### SUPPLIED INFORMATION
= Beginning of Section =
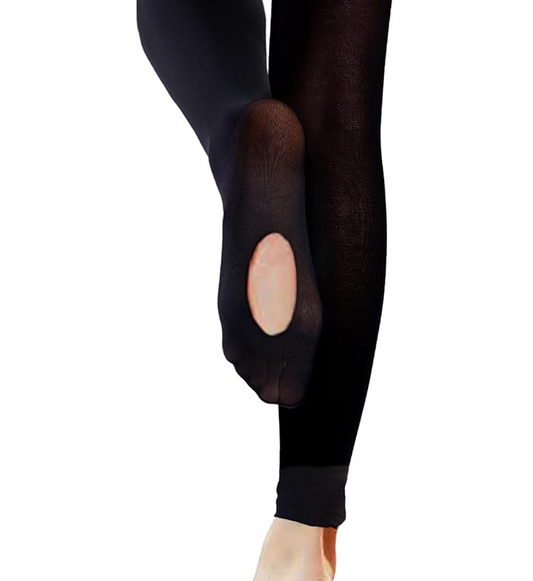 Ballet Dance Ultra Soft Pro Convertible Transition Tights
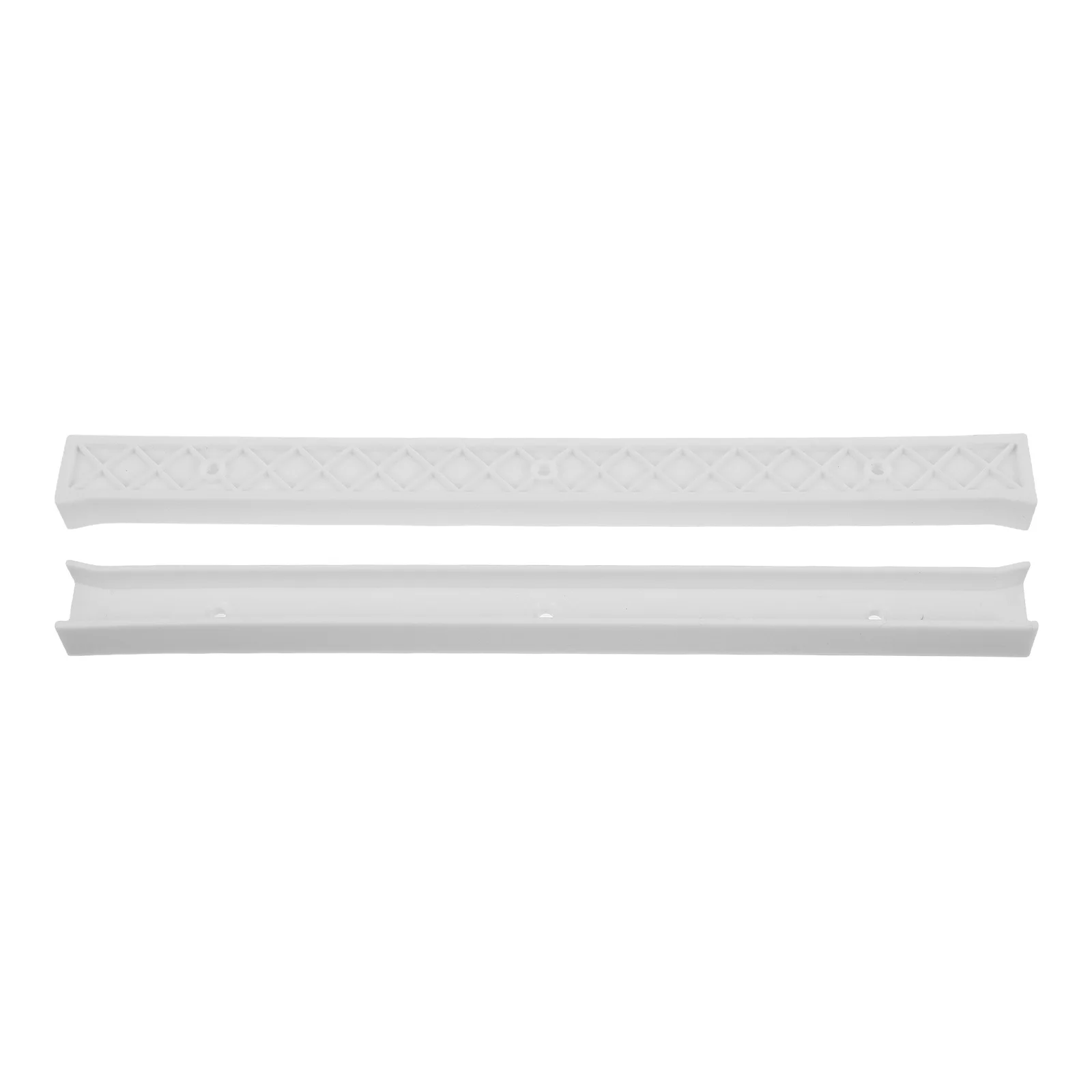 1Pair Cabinet Storage Drawer Guide Rails White Plastic Slide Rail Set 28cm Smooth Stable DIY Home Organizer Drawer
1Pair Cabinet Storage Drawer Guide Rails White Plastic Slide Rail Set 28cm Smooth Stable DIY Home Organizer Drawer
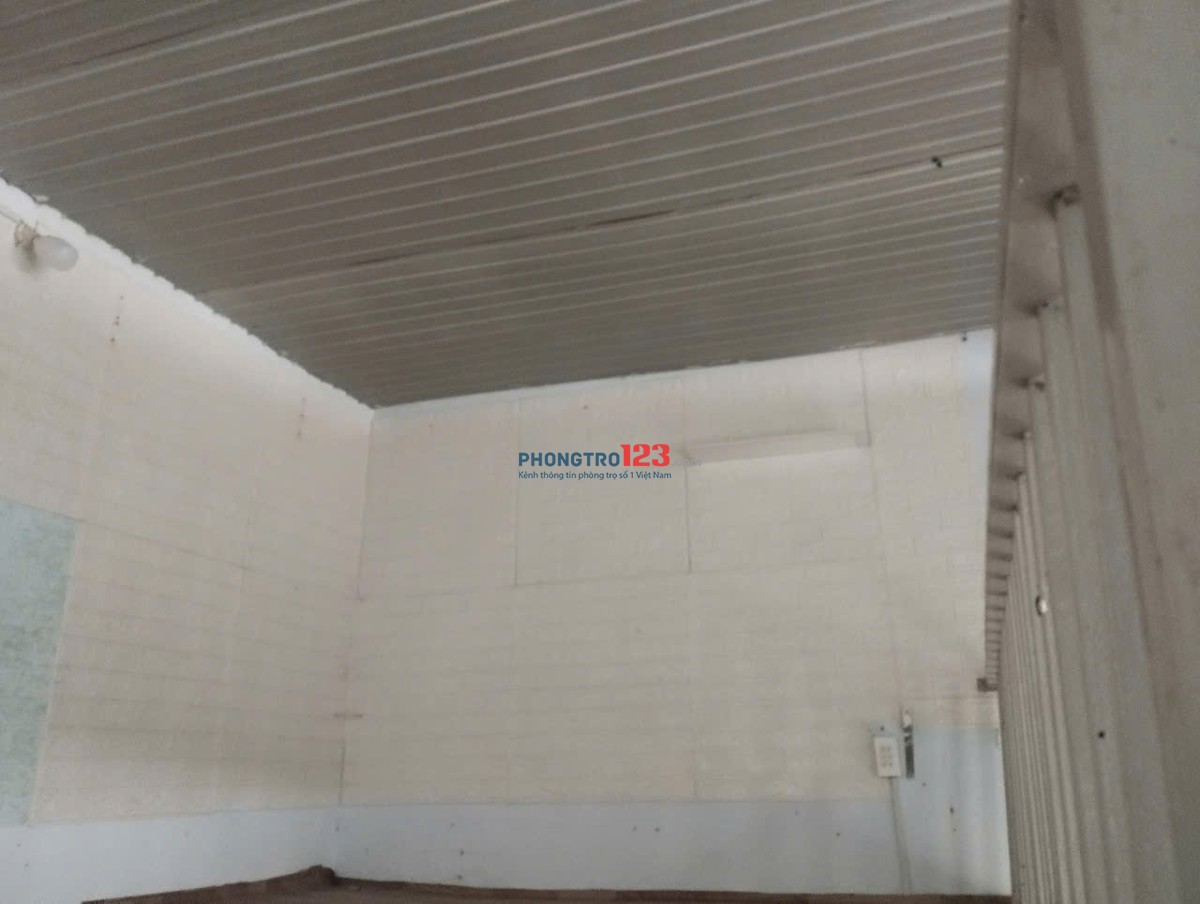 Cho thuê phòng trọ yên tĩnh gần chợ Tam Hà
= End of Section =
### TASK OBJECTIVE
Every line above has to be output exactly; the pictures must be dropped.

### EXERCISE RESULT
 Ballet Dance Ultra Soft Pro Convertible Transition Tights
 1Pair Cabinet Storage Drawer Guide Rails White Plastic Slide Rail Set 28cm Smooth Stable DIY Home Organizer Drawer
1Pair Cabinet Storage Drawer Guide Rails White Plastic Slide Rail Set 28cm Smooth Stable DIY Home Organizer Drawer
 Cho thuê phòng trọ yên tĩnh gần chợ Tam Hà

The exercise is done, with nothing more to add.